Peristiwa 27 Juni juga membuka mata para perwira militer bahwa alternatif-alternatif dalam hubungan militer dengan pemerintah tidak sekedar merupakan pilihan antara pengakuan penuh atas supremasi sipil, upaya-upaya untuk meminta perlindungan dari kalangan tertentu dalam struktur kekuasaan sipil, atau suatu kudeta militer. Namun masih ada satu alternatif lain, yaitu upaya untuk menjamin bahwa pandangan Angkatan Darat diperhitungkan dengan jalan menolak kerjasama dengan pemerintah. Arti penting lainya adalah bahwa Peristiwa 27 Juni 1955 telah menghidupkan kembali gagasan bahwa tentara tidak dengan sendirinya harus menerima baik semua instruksi dari orang-orang yang duduk di kabinet. Kemenangan yang dicapai Angkatan Darat telah memperkuat rasa percaya diri mereka dan kemungkinan bahwa selanjutnya mereka akan berusaha menjamin agar militer dimintai pendapat mengenai soal soal militer dan bahkan permasalah non militer.
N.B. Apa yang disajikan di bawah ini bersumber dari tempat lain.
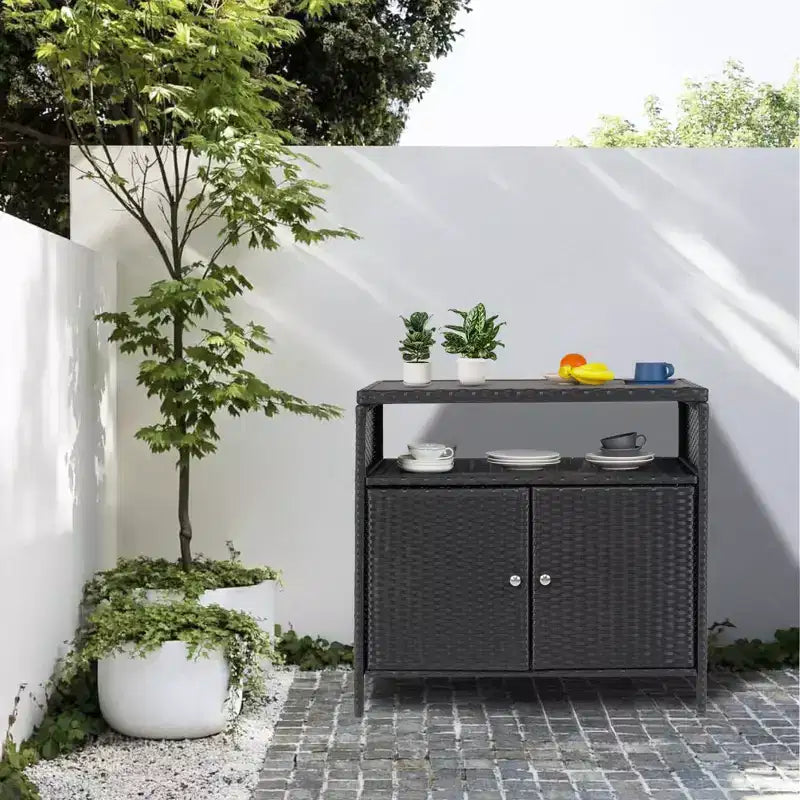 Table de bar de patio extérieur avec armoire de rangement en osier de patio à 2 portes et étagère, acier enduit de poudre, osier de résine toutes saisons, patio, piscine, jardin, cuisine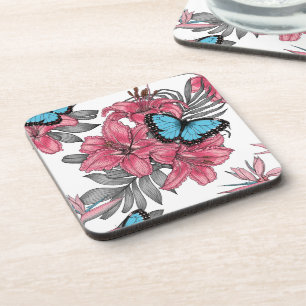 Tropical bouquet coaster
Untuk mengenang jasa beliau, nama Jenderal Bambang Utoyo diabadikan pada nama jalan di kota Palembang. Demikian artikel mengenal sosok Jenderal Bambang Utoyo In History, semoga berguna dan dapat menambah wawasan pengetahuan dan arsip sejarah nasional. Dikuitp dari beberapa sumber.